Z has an unusual response to tea.
Some weeks ago, we visited Z’s great grandmother (PL’s grandmother) and in the course of interacting with Lau Ma (Teochew for Maternal Great Grandmother), Z was curious as to what Lau Ma was drinking.
Lau Ma tilted her cup towards Z, who looked and then immerse her face into the cup. I assume she got a good sniff of the tea.
Then she backed away and laughed!
Not the polite laugh of someone getting a whiff of good tea. Not the mildly curious chuckle of someone encountering a strange new scent.
But the unrestrained laughter of someone who has found true happiness in a cup. Or as true as a 14 month old toddler can ascertain.
It was unexpected.
And like a child would, she repeated this several times, moving towards Lau Ma, who would lower and tilt the cup towards Z, and then Z would dip her face into the cup, sniff, and pull back. Then laugh joyfully.

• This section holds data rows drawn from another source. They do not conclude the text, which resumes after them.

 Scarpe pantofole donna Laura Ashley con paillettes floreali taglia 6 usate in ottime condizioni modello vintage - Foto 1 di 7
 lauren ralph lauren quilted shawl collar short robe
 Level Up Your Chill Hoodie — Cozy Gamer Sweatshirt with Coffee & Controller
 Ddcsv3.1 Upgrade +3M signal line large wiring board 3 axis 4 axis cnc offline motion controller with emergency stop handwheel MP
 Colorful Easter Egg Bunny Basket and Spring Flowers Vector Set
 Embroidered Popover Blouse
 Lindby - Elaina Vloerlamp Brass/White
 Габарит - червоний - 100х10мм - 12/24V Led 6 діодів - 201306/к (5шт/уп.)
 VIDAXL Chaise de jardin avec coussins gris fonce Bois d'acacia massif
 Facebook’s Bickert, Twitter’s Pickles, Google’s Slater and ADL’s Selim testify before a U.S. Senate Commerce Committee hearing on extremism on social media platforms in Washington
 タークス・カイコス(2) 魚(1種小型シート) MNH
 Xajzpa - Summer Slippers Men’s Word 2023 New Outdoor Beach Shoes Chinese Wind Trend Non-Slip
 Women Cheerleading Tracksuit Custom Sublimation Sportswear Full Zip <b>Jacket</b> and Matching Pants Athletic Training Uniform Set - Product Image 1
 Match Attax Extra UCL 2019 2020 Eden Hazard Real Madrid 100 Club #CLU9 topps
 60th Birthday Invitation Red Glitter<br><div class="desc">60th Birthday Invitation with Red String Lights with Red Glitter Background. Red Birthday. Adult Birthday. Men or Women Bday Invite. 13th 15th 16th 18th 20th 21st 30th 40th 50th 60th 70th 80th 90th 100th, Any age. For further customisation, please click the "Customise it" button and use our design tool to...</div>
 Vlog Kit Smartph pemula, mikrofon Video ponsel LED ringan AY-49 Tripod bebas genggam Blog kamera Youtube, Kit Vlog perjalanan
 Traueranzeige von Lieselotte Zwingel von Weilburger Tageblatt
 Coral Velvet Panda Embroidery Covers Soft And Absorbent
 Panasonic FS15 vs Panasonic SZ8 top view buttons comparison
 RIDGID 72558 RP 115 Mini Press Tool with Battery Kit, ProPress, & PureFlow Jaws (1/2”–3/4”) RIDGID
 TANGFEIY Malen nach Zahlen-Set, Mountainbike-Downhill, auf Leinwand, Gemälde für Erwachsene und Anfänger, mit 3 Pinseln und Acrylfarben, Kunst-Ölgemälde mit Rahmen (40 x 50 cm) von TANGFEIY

Inevitably, Lau Ma tilted the cup to allow her to sip some tea. And Z would sip the tea and laugh.
This happened for the next two visits.
I guess if I were a “good” parent (or an overly concerned and anxious one), I would object to letting Z drink tea/caffeine at such a young age.
But she only drinks tea at Lau Ma’s and only like once every fortnight, or so.
And today, right after the tea, she napped. So much for the caffeine.
But as I watch Z sip tea happily from Lau Ma’s cup, my mind flashed forward.
Z would be in her late teens, and she has just been served some Chinese Tea. As she breathe in the aroma of the tea, her eyes close and she thinks of Lau Ma. There is a look of peace on her face, as the tea brings her back in time.
Her friend sitting with her is sipping a Frappucino or some concoction from Starbucks or one of the other atas coffee joints. But Z is content with her Chinese Tea.
It hold memories for her of Lau Ma….
In the present, Lau Ma is happy that Z is engaging her, entertaining her, and being entertained by her.
With something as simple as a cup of tea.